Abstract:
ASR technology has made significant advancements,
approaching performance levels comparable to humans. However,
developing ASR models for all languages, especially Low
Resource Languages (LRLs), presents challenges due to limited
resources. Recent studies on intent classification in LRLs employ
transfer learning techniques, leveraging state-of-the-art English
ASR models to improve performance in these domains. Additionally,
the emerging trend of self-supervised learning has proven
advantageous in developing sophisticated ASR models, requiring
less labeled data to achieve high performance. In our research, we
utilized a self-supervised ASR model to classify intent in an LRL,
specifically the Tamil language. We compared two methods for
the same ASR framework: a fine-tuning approach and a transfer
learning approach with a limited amount of labeled data in Tamil.
Our findings indicate that the fine-tuning method outperforms
the transfer learning technique.
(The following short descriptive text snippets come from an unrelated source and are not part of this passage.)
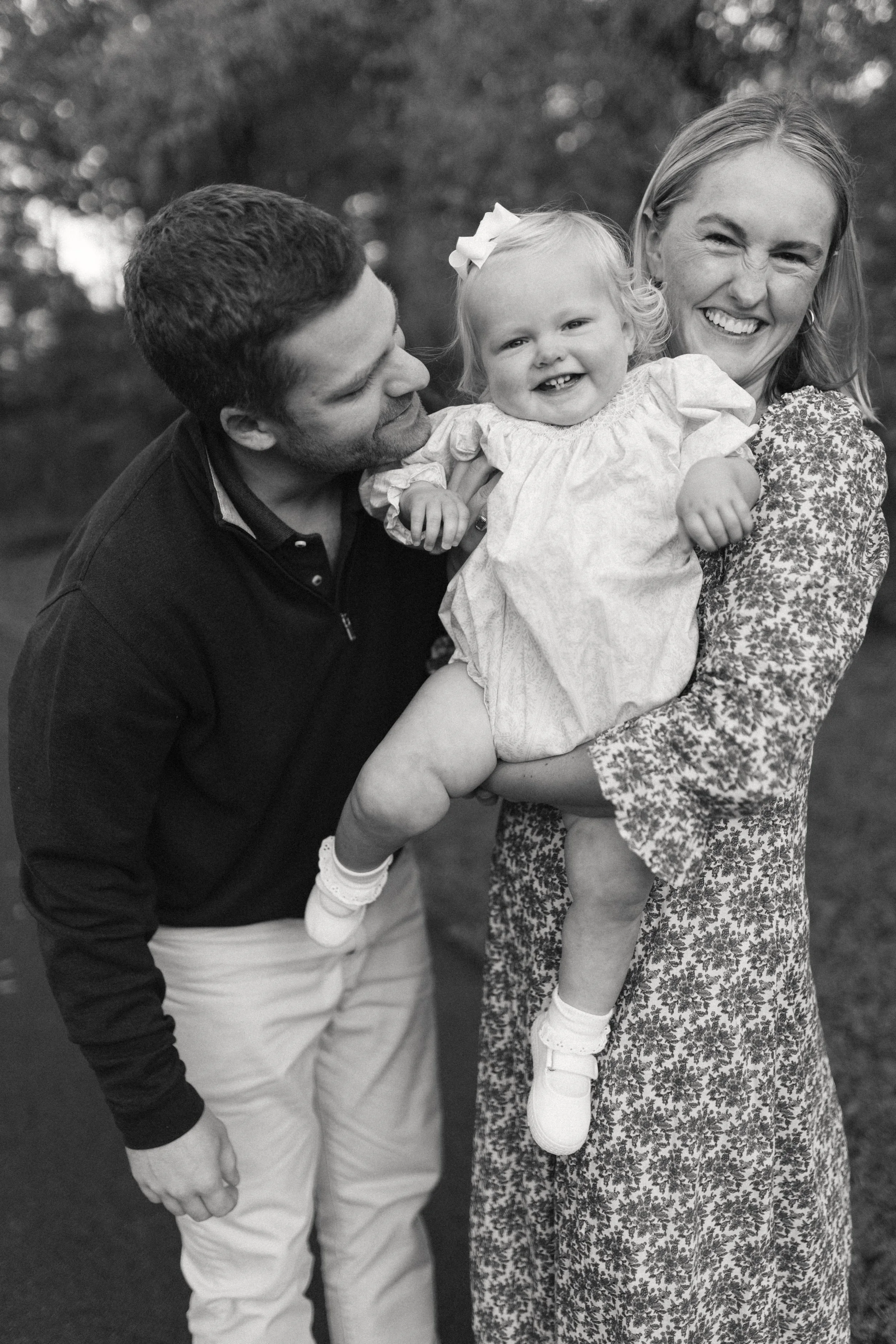 A smiling woman holding a young girl, with a man leaning in and kissing the girl on the cheek, outdoors in a park.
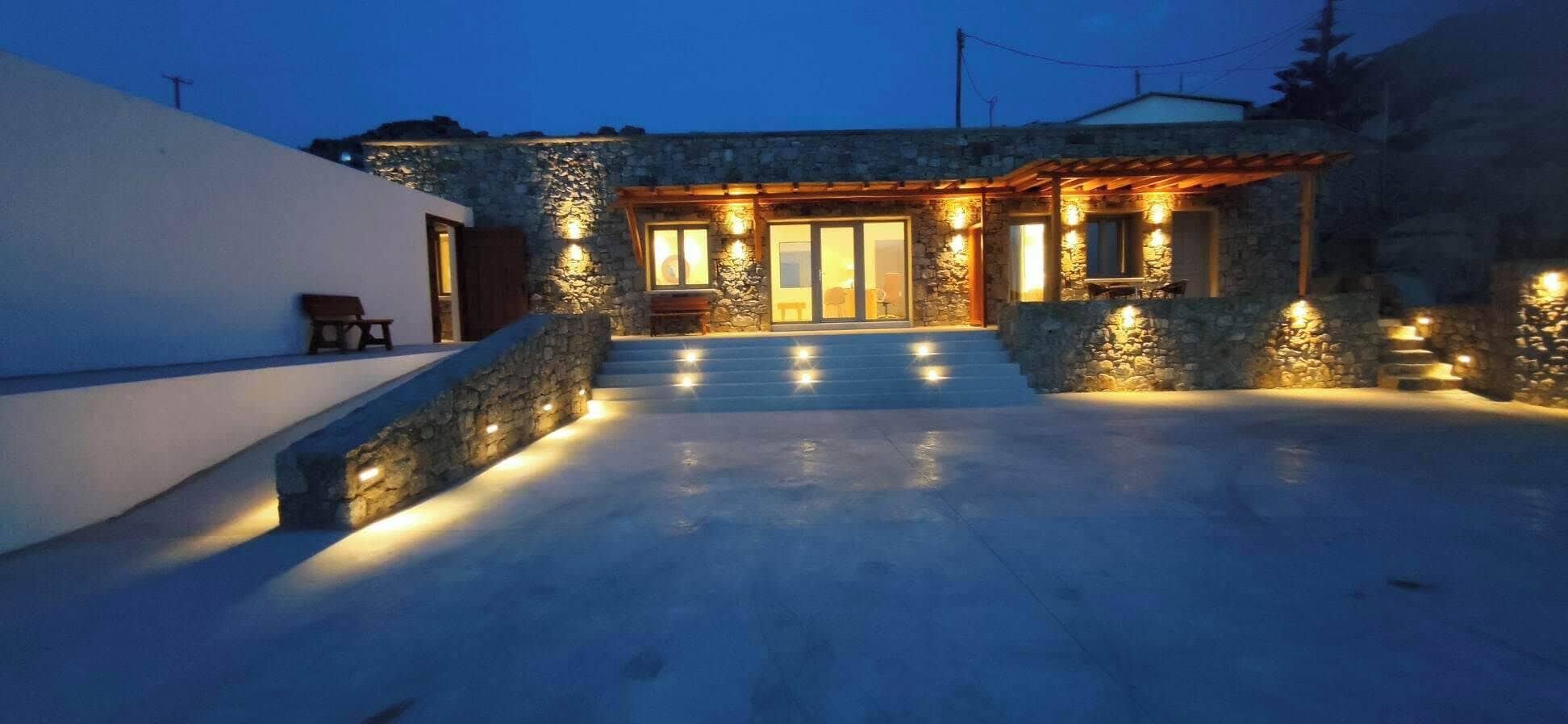 A stone house with a covered patio and a staircase leading to the entrance.
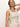 A woman models the Sanctuary Clothing Outsmart Square Neck Vest in flax, showcasing her long hair and minimal jewelry with one hand behind her head against a simple light background.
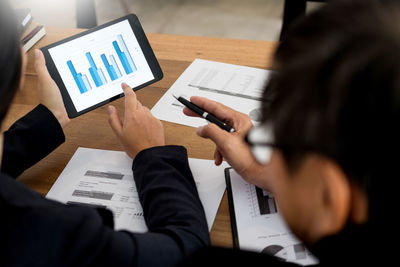 Rear view of woman working on table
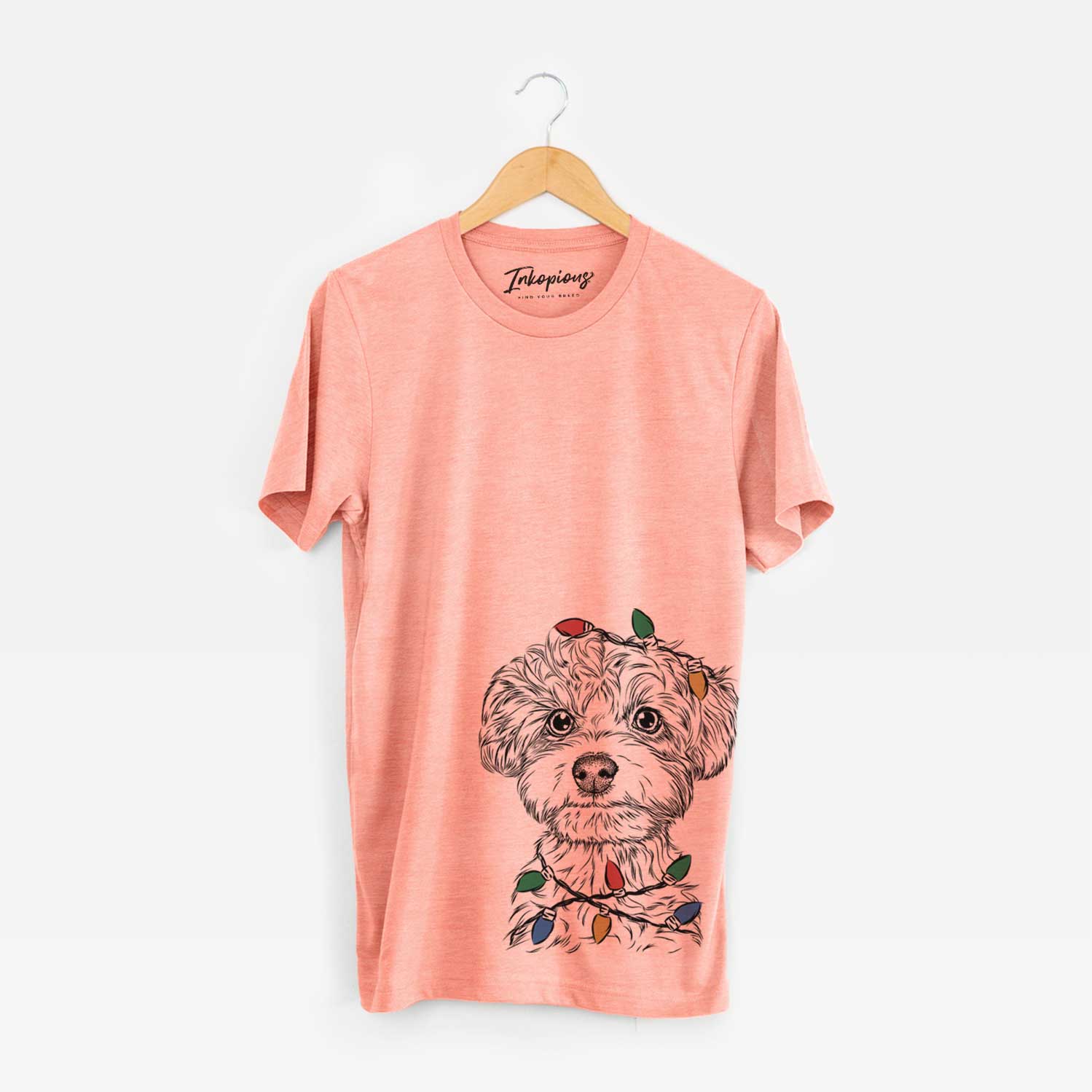 Hand-drawn sketch of Elliott the Yorkiepoo wrapped in Christmas lights on a Sunset Unisex crewneck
Moreover, the model exhibited
a noteworthy increase in accuracy compared to the established
phoneme-based speech intent classification methodology in Tamil.
This study represents a significant step forward in enhancing
speech recognition capabilities for LRLs.
Citation:
I. Tharmakulasingham and U. Thayasivam, "Speech Command Recognition Using Self-Supervised ASR in Tamil," 2023 Moratuwa Engineering Research Conference (MERCon), Moratuwa, Sri Lanka, 2023, pp. 137-142, doi: 10.1109/MERCon60487.2023.10355402.